Someone else adds, “Or when Kanye West said George Bush doesn’t care about black people.”
There is laughter at this, but the room seems to recognise that it is a valid topic. Pearce says, “Well, that’s true. Celebrities can be a voice for improvement. But are they? I mean, for every Bob Barker who speaks out against cruelty to animals, there’s a Michael Vick.”
One person asks who that is and is informed that he’s “the dogfight guy”.
The student in the back points out, “Yeah, but even that brings attention too. Dogfighting wasn’t an issue a couple of months ago. Now everybody’s speaking out against it.”
After the class is over, this student, a Welsh woman named Meghan Danley, is asked if there’s an upside to celebrity obsession.
“I think there is,” she replies. “Celebrities have a lot of power. Their actions, their words are seen and heard all across the world. And with the present media environment, and the Internet, judgment is passed on them pretty much instantly. That means they’re barometers. As soon as word gets out that, say, Vick was running a dogfighting ring, there’s outrage everywhere, and so we can find out that most people are against dogfighting, which wouldn’t otherwise be relevant.”

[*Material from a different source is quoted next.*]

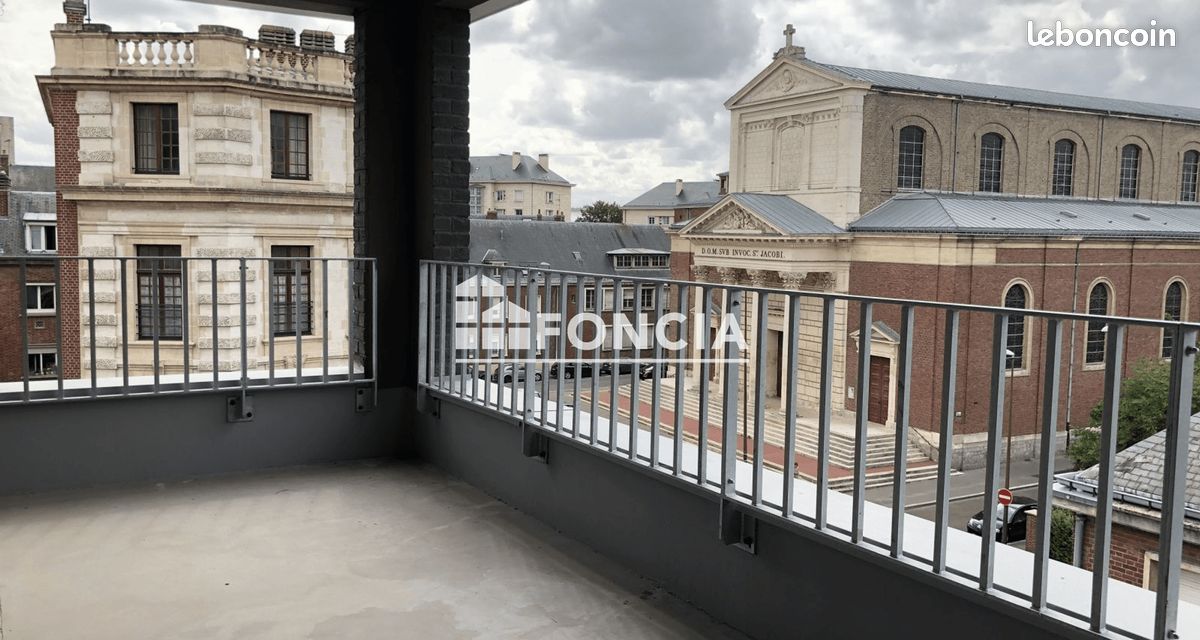 Appartement 3 pièces 74 m² · à Amiens · 74 m² · 920 €/mois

Hearing this, Pearce shouts on his way out, “But if the press was doing its job, we wouldn’t need to wait for a scandal to find out that people don’t like dogfighting.”
We love you LA, we do
So what to do about supporters of the Galaxy, who for some reason would prefer to have a winning team rather than a winning player?
Jamie Chowak, a high school junior who has been attending Galaxy matches since she was eight, would seem to be a likely candidate for a Beckhamaniac. So who is her favourite player?
“Kyle Veris!”
Who?
“He’s an awesome defender! He’s tough, and he’s powerful, and I love his cornrows!”
Okay, but what about Beckham?
“He’s good too, but things have gotten crazy since he got here. All the paparazzi and everything. Like the other day against Pachuca, all the photographers in front of us were looking up at Beckham’s suite, and we were all like, ‘Hey, to your right! The game’s over there!’ Besides, for all that money, we could sign, like, two hundred Kyle Verises.”
She provides no suggestions as to where the other one hundred ninety nine would come from.